A message from Benito Mussolini is forwarded to Adolf Hitler. In the missive, the Duce cautions the Fuhrer against waging war against Britain. Mussolini asked if it was truly necessary “to risk all-including the regime-and to sacrifice the flower of German generations.”
Mussolini’s message was more than a little disingenuous. At the time, Mussolini had his own reasons for not wanting Germany to spread the war across the European continent: Italy was not prepared to join the effort, and Germany would get all the glory and likely eclipse the dictator of Italy. Germany had already taken the Sudetenland and Poland; if Hitler took France and then cowed Britain into neutrality—or worse, defeated it in battle–Germany would rule Europe. Mussolini had assumed the reins of power in Italy long before Hitler took over Germany, and in so doing Mussolini boasted of refashioning a new Roman Empire out of an Italy that was still economically backward and militarily weak. He did not want to be outshined by the upstart Hitler.

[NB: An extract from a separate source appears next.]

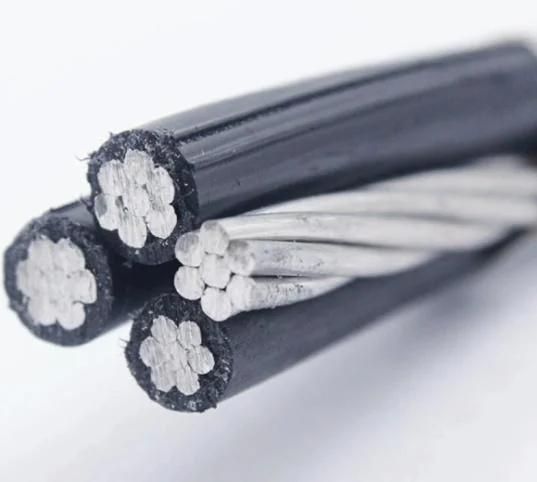 China Factory ASTM Standard Aerial Bundled Cable ABC AAC AAAC ACSR Cable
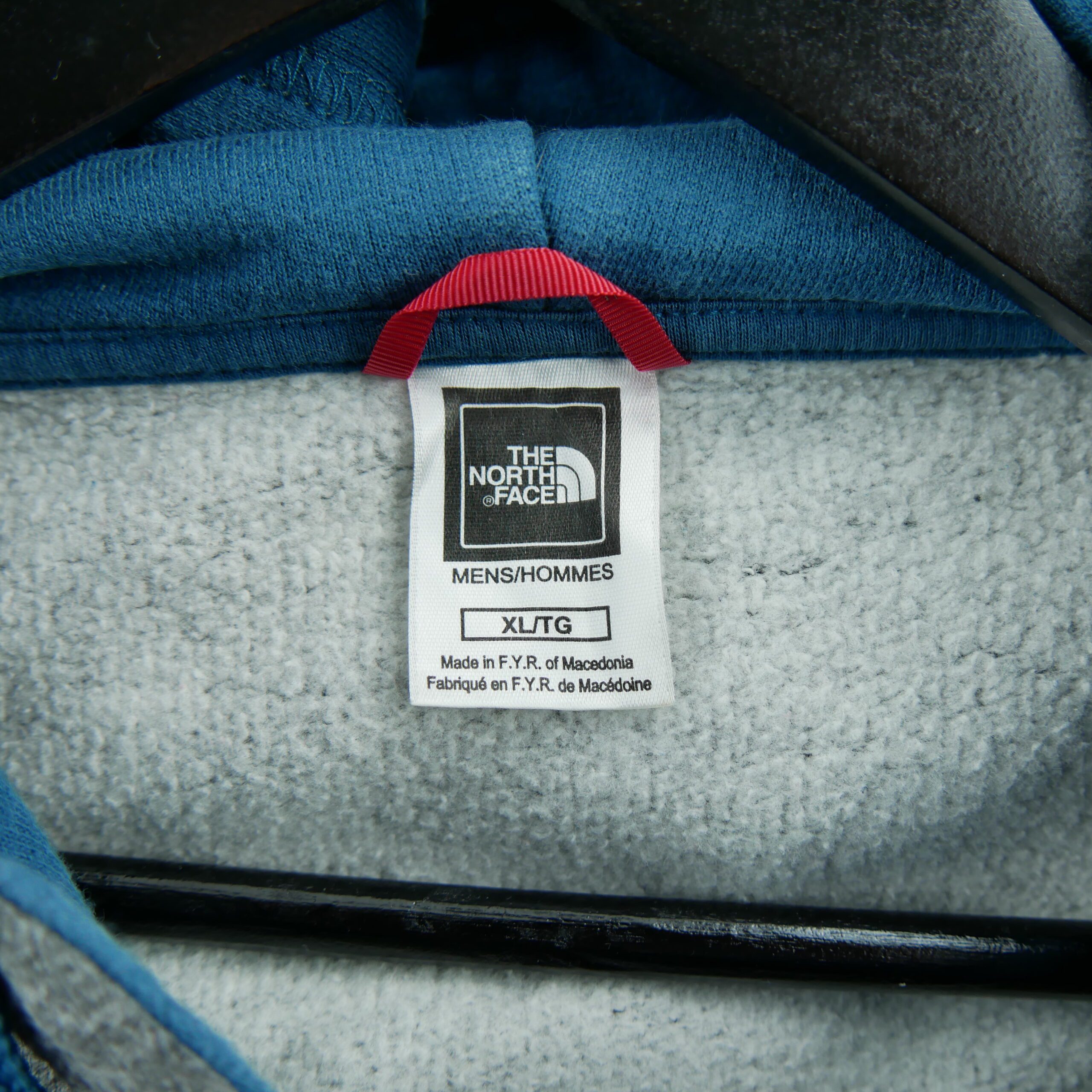 Sweat à capuche Homme  TNF Gris 8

And so the Duce hoped to stall Germany’s war engine until he could figure out his next move. The Italian ambassador in Berlin delivered Mussolini’s message to Hitler in person. Mussolini believed that the “big democracies…must of necessity fall and be harvested by us, who represent the new forces of Europe.” They carried “within themselves the seeds of their decadence.” In short, they would destroy themselves, so back off.
Hitler ignored him and moved forward with plans to conquer Holland, Belgium, Luxembourg and France. Mussolini, rather than tie Italy’s fortune to Germany’s—which would necessarily mean sharing the spotlight and the spoils of any victory—began to turn an eye toward the east. Mussolini invaded Yugoslavia and, in a famously disastrous strategic move, Greece.